A letter to Moses' mother

Clare

I wrote this letter to be read out at the dedication of our daughter Ffion.

As I prepared for the dedication I remembered baby Moses' story, and found myself reading it in a whole new way. I would love to have interviewed Moses' mother's for this site. What a great example of God answering a woman's prayer! This letter will have to do instead, and the real thing is at the beginning of Exodus in the Bible.

Dear Moses’ Mum

You don’t know me, but I’ve heard of you. I hope you don’t mind me writing to you like this. It’s just that I can’t get your story out of my head at the moment.

I heard that you had a baby boy, three months old, and you were keeping him hidden. The army was ethnically cleansing your neighbourhood, and you had friends and family whose male babies had been taken from their mothers, and killed. You knew that, sooner or later, your child would be discovered too.

I can’t imagine what you’d been through, hiding your pregnancy, the birth, and a newborn baby. I can’t imagine your feelings in the first few weeks as you held him and fed him and wondered how long you could keep him alive. I can’t imagine… but I’m sure that you cried a lot and I’m even more sure that you prayed.

It’s what you did next that completely stuns me.

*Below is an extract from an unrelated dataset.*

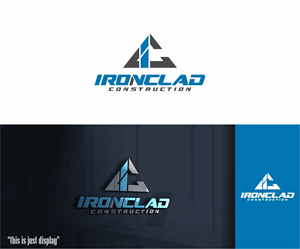Logo Design by alkaline for this project | Design: #32844142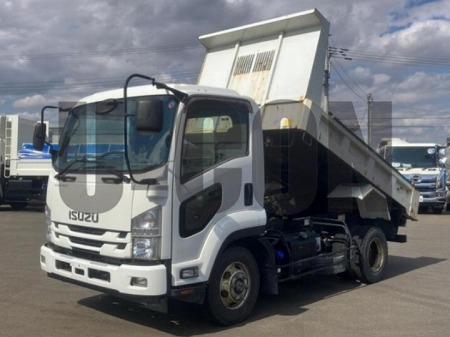 ISUZU / FORWARD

You made a basket, waterproofed it, and with the help of your daughter you smuggled the baby to a nearby riverbank. Then you left him, in the basket, floating among the reeds.

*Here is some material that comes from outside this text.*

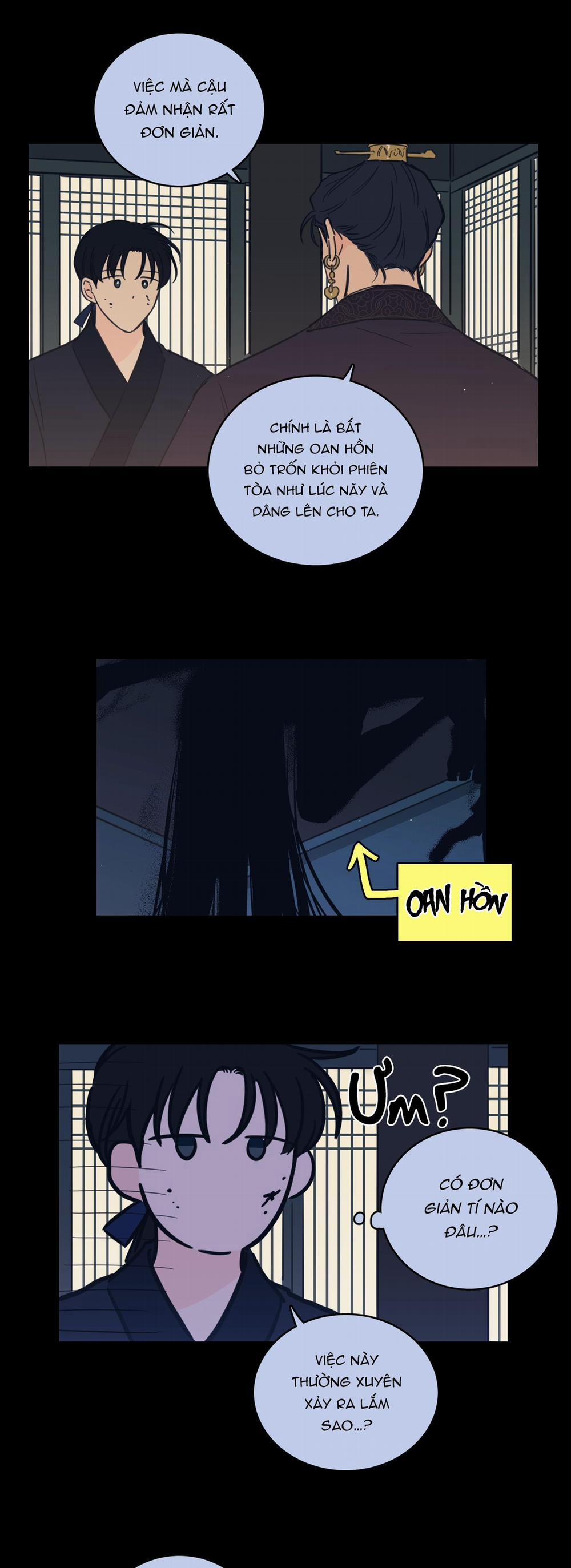 Mẹo Thuần Hóa Hổ 72 trang 6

I’m sorry, but I have really struggled with this part of your story. You left your three-month old baby in a river. You left your daughter to watch from a distance, but you walked away. He was completely at the mercy of the water, the current, the insects, the weather, and even the crocodiles that live in your part of the world. When I picture the scene, I basically see a tiny baby being abandoned. How could you?

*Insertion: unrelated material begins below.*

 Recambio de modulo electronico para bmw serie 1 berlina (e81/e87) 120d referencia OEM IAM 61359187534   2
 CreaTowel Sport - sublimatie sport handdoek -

But I’ve meditated and prayed over what you did, and now I think I see something more. Yes, in a sense you did abandon your baby, but you abandoned him to God. I think that, in your fear on the one hand and your trust in a loving God on the other, you had done the only thing possible – you decided in your heart to completely place him into God’s hands. Men were trying to kill him, you reasoned, but God would have mercy.

I bet you prayed a thousand times, ‘Lord, you gave him to me, and I give him back to you. Your will be done. Only please let him live. Even if I never get to see him again, Lord, please let him live.’ Then you put him in the river.

Perhaps to put him in the river was to give him to the God who had saved Noah through the flood – I don’t know. But I really believe that you did put him into God’s hands, and God responded, because of what happened next. It turned out that your baby was really in the safest possible place, despite the crocodiles. He was found by the Princess, the daughter of the man who was ordering the babies’ slaughter. Your baby was crying, and she rescued him. She sent your daughter off to find a woman who could nurse him. The daughter brought you. You were then paid, by the same palace who had tried to kill him, to breastfeed your own son. That sounds like God to me.

After that, your son was adopted by the princess, and he grew up in the palace. But I imagine that, although you adored him, you had dedicated him so completely to God that you didn’t think of him as yours anyway. Maybe that’s why God was able to take hold of him so completely and to change many destinies through Moses, the baby you gave to God.

I pray that God would give us faith like yours today, to completely dedicate and even abandon our daughter to him. Like you, we want to pray:

‘Lord – you made her and she came from you. We give her back to you today, and we place her in the river of your will for her life, knowing it’s the safest place she can be. She is yours. Let your will be done, and thank you that nobody can take her out of your hands. Amen.’